EXERCISE INSTRUCTIONS
Please, in the data that follows, copy exactly the lines from the line with "2010 Buick Lacrosse" through the last one, both included. Do not include pictures.

Captioned web images:
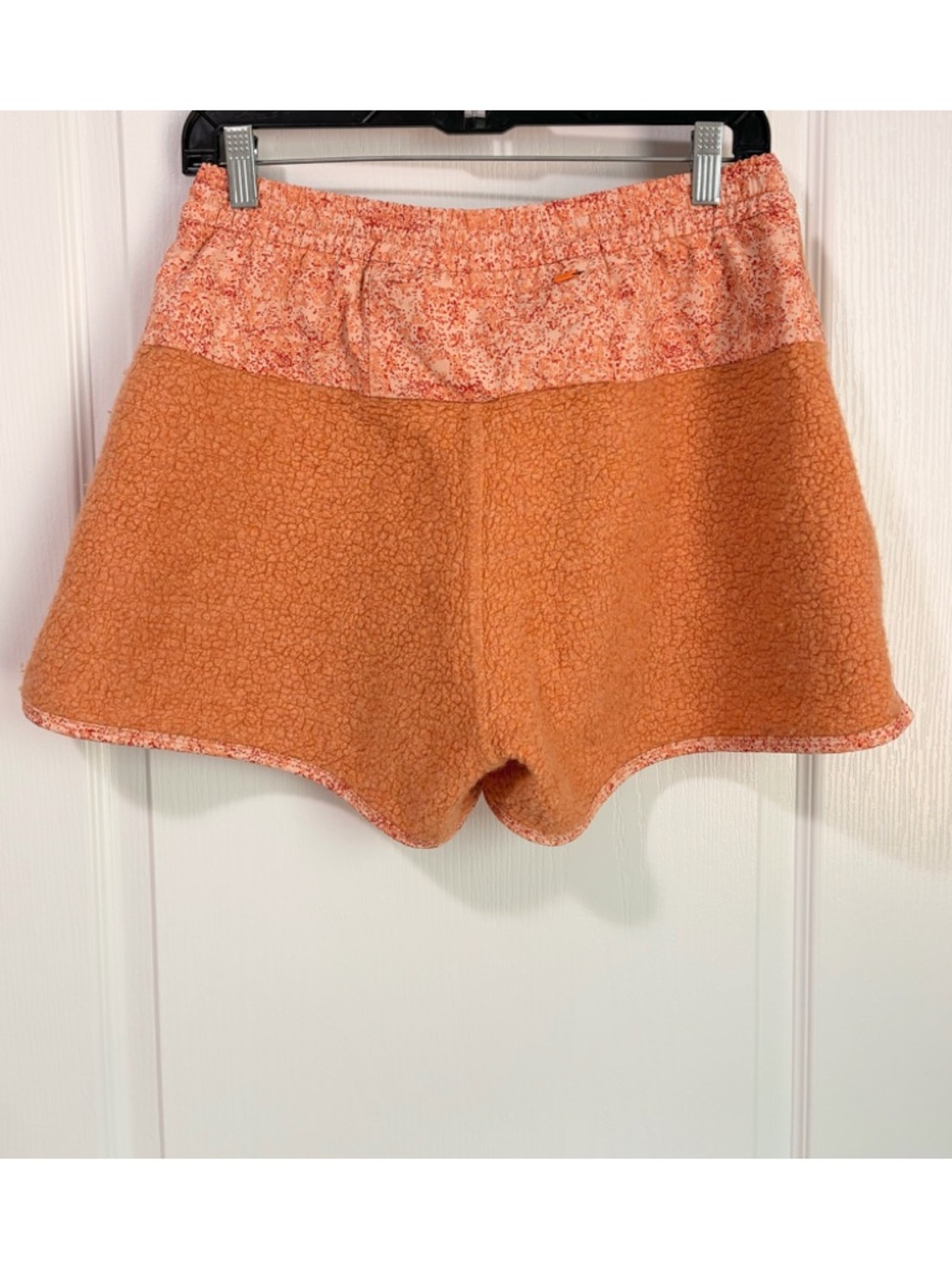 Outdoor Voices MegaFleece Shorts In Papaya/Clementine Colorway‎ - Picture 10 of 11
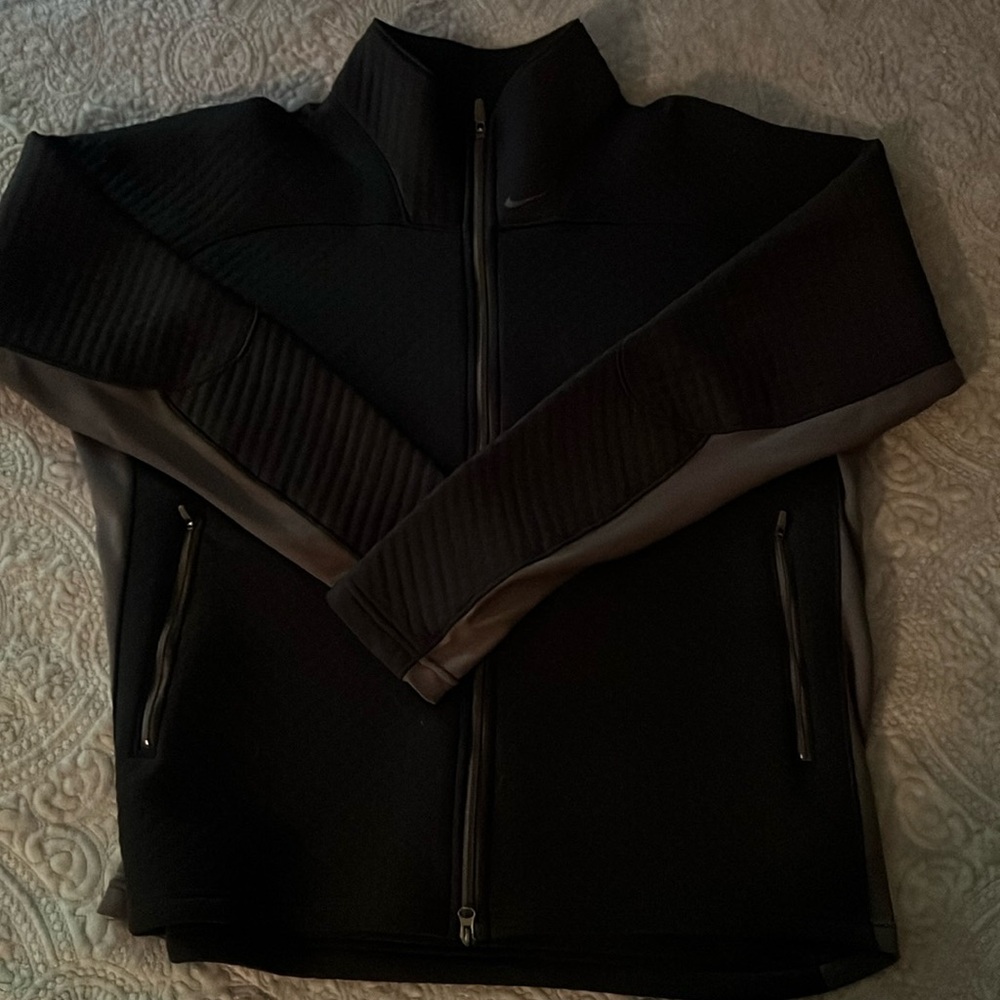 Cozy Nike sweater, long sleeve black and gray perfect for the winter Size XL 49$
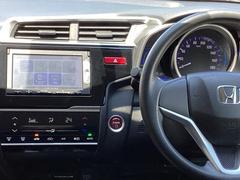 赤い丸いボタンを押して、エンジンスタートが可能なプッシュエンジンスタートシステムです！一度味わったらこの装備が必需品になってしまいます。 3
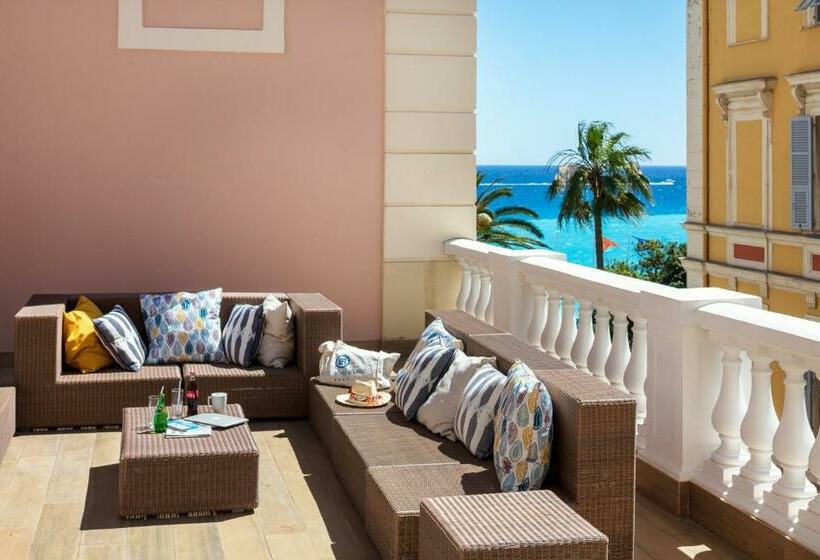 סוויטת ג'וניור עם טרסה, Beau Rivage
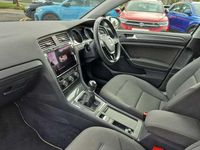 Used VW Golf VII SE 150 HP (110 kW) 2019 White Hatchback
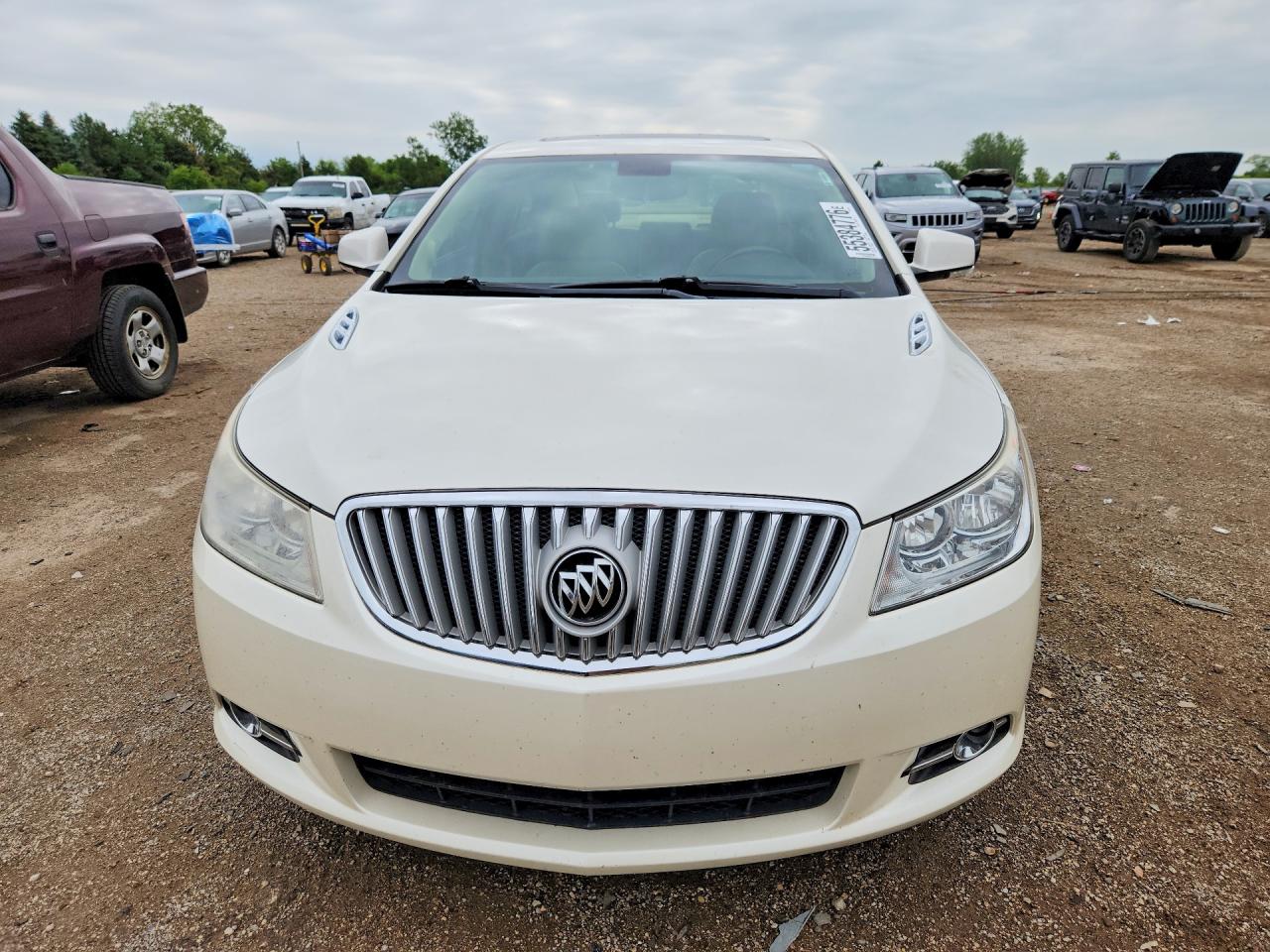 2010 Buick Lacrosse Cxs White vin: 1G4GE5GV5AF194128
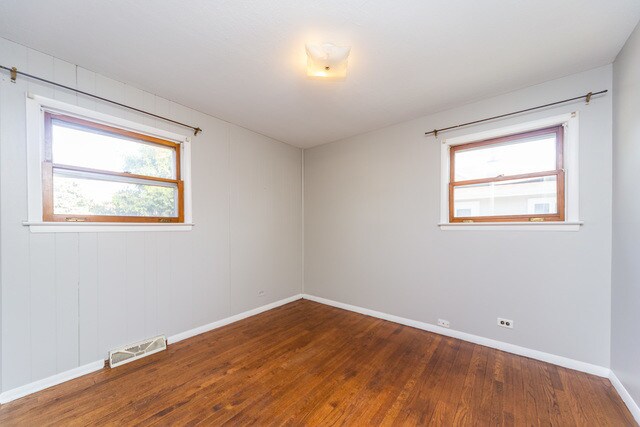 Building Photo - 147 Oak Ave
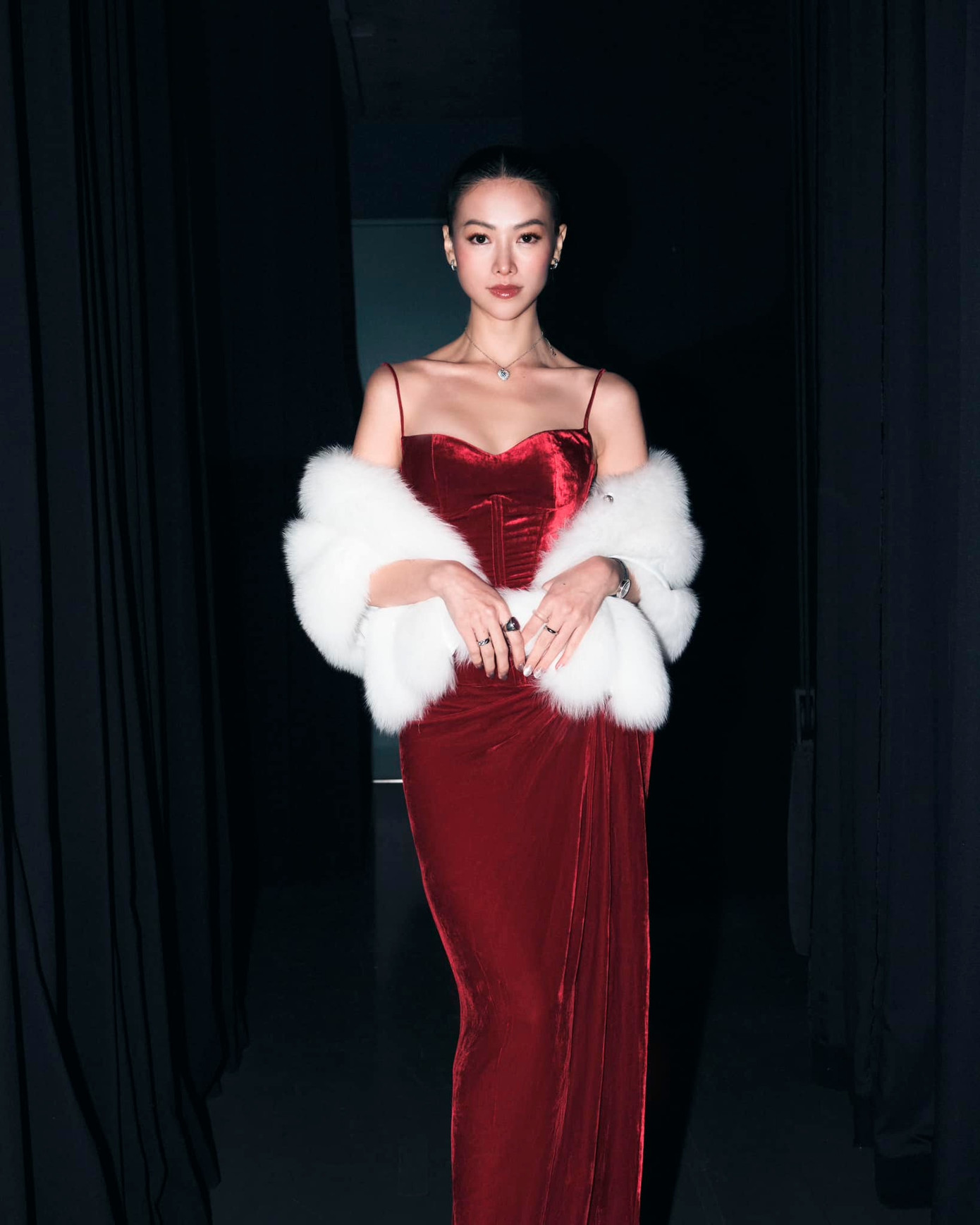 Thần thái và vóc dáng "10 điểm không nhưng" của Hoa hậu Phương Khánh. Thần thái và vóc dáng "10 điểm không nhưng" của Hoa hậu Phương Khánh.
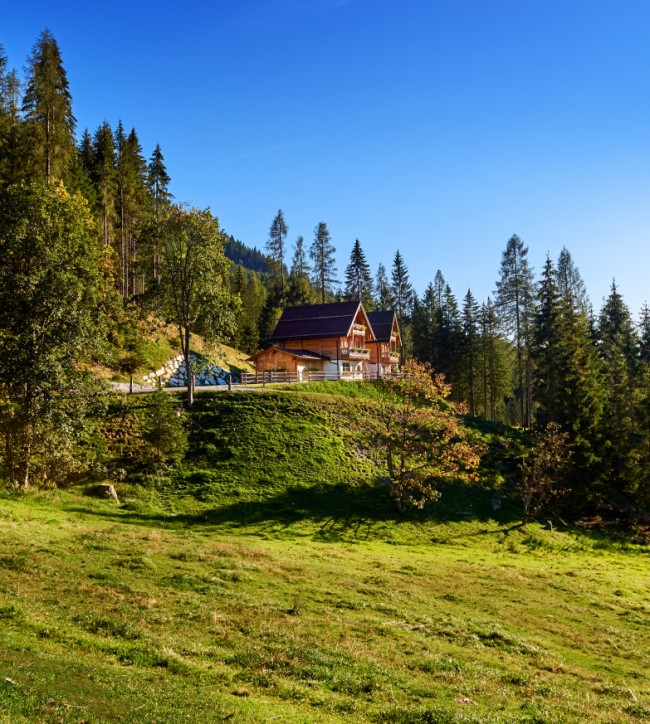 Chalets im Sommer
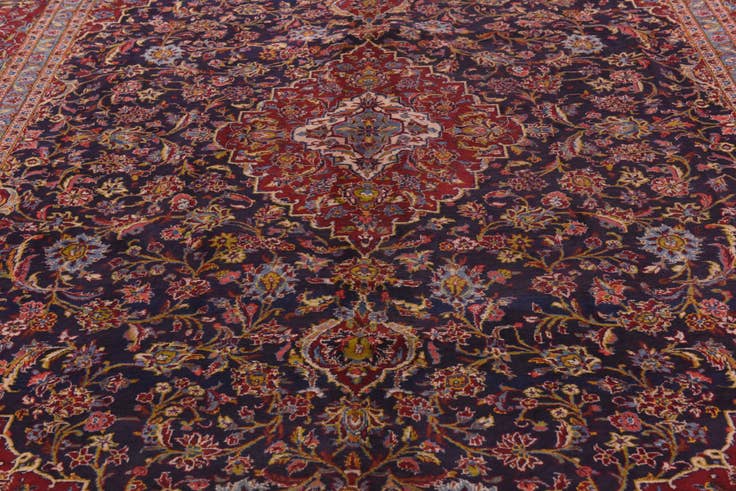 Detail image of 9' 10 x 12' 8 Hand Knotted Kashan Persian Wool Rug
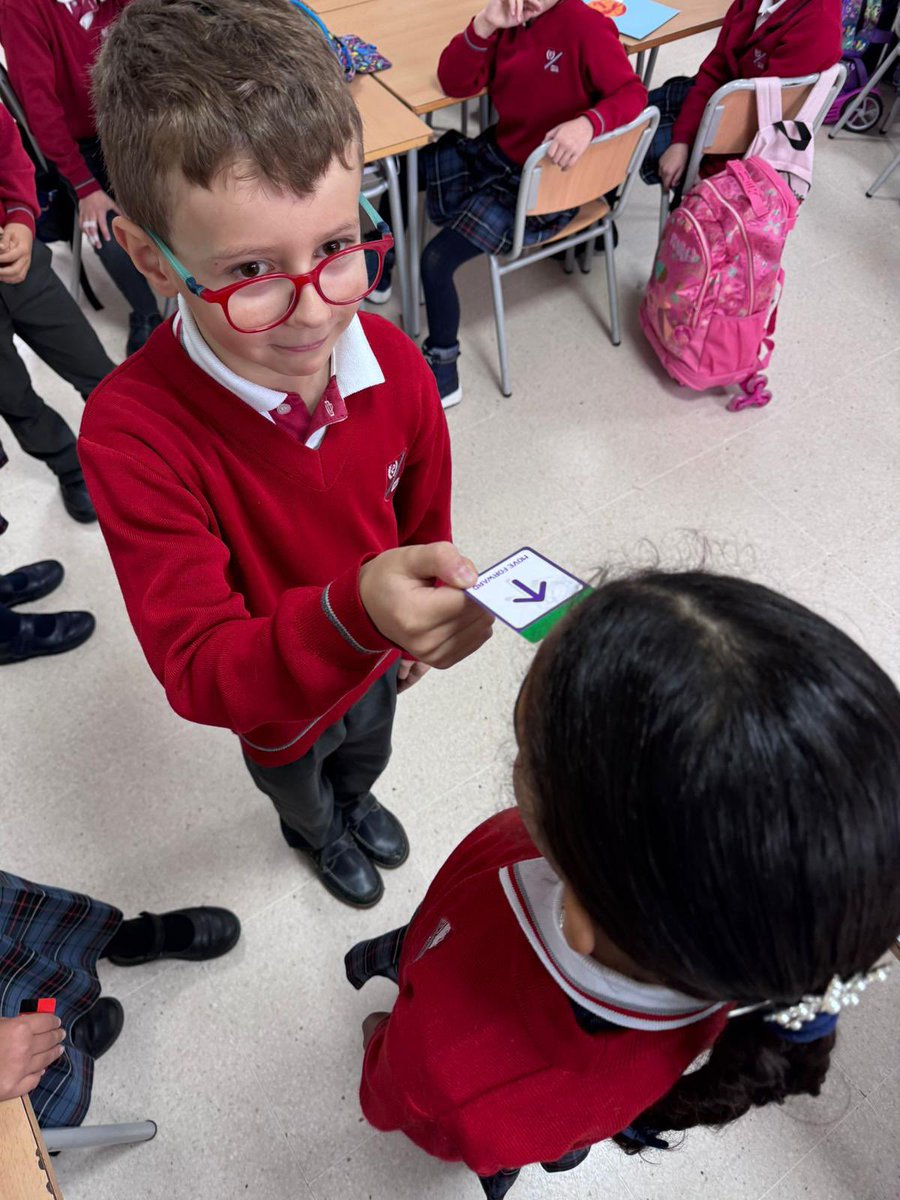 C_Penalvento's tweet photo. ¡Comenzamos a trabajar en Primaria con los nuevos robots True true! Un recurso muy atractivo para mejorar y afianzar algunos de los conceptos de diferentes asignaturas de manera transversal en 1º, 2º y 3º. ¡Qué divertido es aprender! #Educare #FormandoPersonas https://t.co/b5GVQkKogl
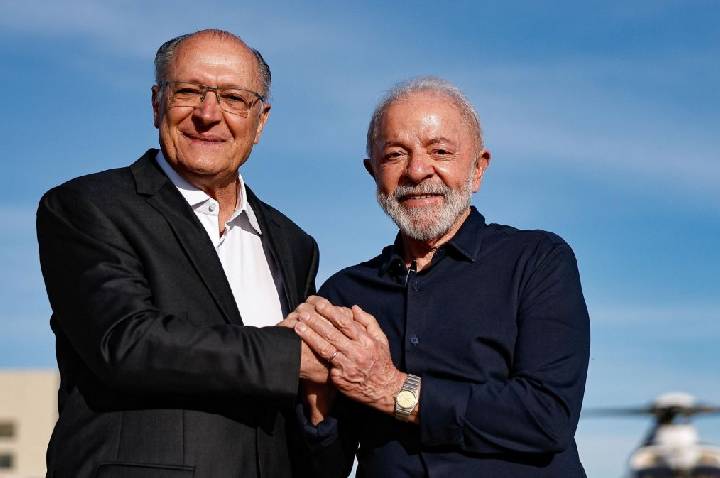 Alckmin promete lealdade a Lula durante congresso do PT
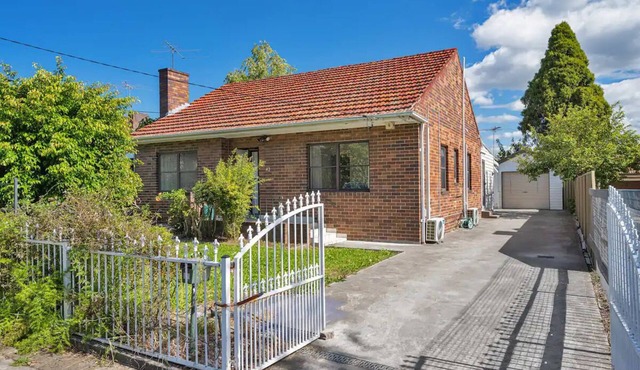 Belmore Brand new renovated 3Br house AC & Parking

ANSWER TO THIS TASK
 2010 Buick Lacrosse Cxs White vin: 1G4GE5GV5AF194128
 Building Photo - 147 Oak Ave
 Thần thái và vóc dáng "10 điểm không nhưng" của Hoa hậu Phương Khánh. Thần thái và vóc dáng "10 điểm không nhưng" của Hoa hậu Phương Khánh.
 Chalets im Sommer
 Detail image of 9' 10 x 12' 8 Hand Knotted Kashan Persian Wool Rug
 C_Penalvento's tweet photo. ¡Comenzamos a trabajar en Primaria con los nuevos robots True true! Un recurso muy atractivo para mejorar y afianzar algunos de los conceptos de diferentes asignaturas de manera transversal en 1º, 2º y 3º. ¡Qué divertido es aprender! #Educare #FormandoPersonas https://t.co/b5GVQkKogl
 Alckmin promete lealdade a Lula durante congresso do PT
 Belmore Brand new renovated 3Br house AC & Parking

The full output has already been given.